Ruby Schembri is a white 35-year old Maltese national who moved to Britain in 2004. She recently earned £750 by taking her employer, HSBC Bank, to court claiming race discrimination because she had overheard a private conversation between colleagues.
Watford Employment Tribunal found both Debbie Jones, a local bank manager, and HSBC guilty of racial discrimination after Ms Schembri claimed that she had overheard Ms Jones say “I hate foreigners” and “I am against immigration” in a conversation with Rosemary Johnstone, a colleague, in April 2005.
“Debbie asked Rosemary if she supported the Tory or Labour Party and bluntly stated ‘I am against immigration.’ My ears pricked up and then Debbie added ‘I hate foreigners.’ I was shocked and offended. Debbie made her statement with real conviction. I found Debbie's racist comment to be offensive and very hurtful. I left the room and was on the counter. I began to cry.”
Debbie Jones told the tribunal all she had said was that she would vote for Robert Kilroy-Silk of the United Kingdom Independence Party in the May 5, 2005 general election because he would get rid of immigrants. She denied using the word foreigners. Schembri told the tribunal that she had been upset by Jones’ comments and reported them to her employers. Despite HSBC describing Jones’ remarks as “unacceptable”, she was cleared internally of misconduct and was not disciplined by the bank. She remained at her post at HSBC’s branch in Barnet, North London, apart from a few days’ compulsory “race awareness training.”
However, the employment tribunal in Watford stated that it was reasonable to infer that Jones’ remark showed a “substantial dislike of foreigners.” It unanimously ruled that Jones and HSBC were both guilty of racial discrimination and ordered them to pay £750 compensation to Schembri. The latter, who now works for NatWest, another bank, reacted to the verdict with relief: “I feel vindicated.”
The case is one of the first to find that that a comment not made directly to another person can be construed as racism. Moreover, the court ruled that using the term “foreigners” is racist. The verdict also indicates that the mere fact of “disliking” foreigners constitutes a crime, even if one’s dislike is purely private and is not shown directly in one’s behaviour towards a foreigner.
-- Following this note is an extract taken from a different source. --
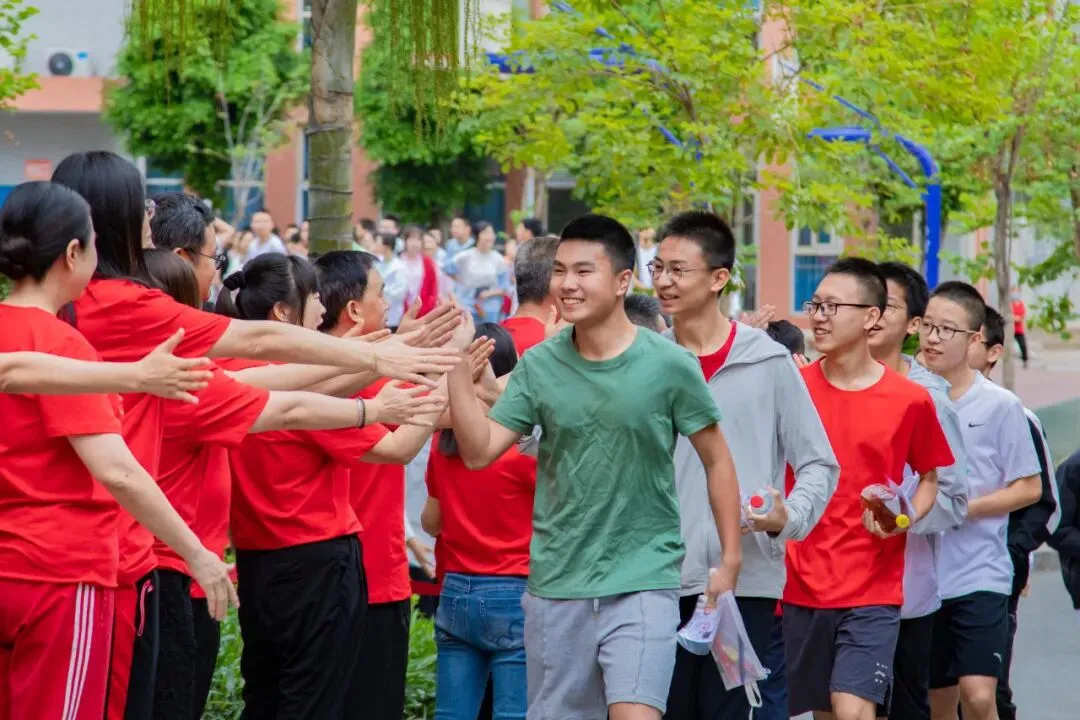 中考结束,升学录取分批次进行 第2张 中考结束,升学录取分批次进行 第2张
During the row over the Muhammad cartoons some stated that censorship is a form of politeness because no-one is allowed to insult another person or his (religious) feelings. In contemporary Britain the mere harbouring of negative feelings is considered by some to be an insult to them. Consequently, as the British case shows, this makes it financially rewarding to become informers, reporting overheard conversations to the authorities. British citizens who wish to express their reservations about immigration better be careful and never talk in the presence of “foreigners” – including white Maltese citizens.
People who in the past would have pursued careers as Inquisition officials, as Gestapo or Stasi informers, or as interrogators in Lubyanka Prison, have new prospects. Thanks to the multicultural society they can snitch on colleagues and neighbours.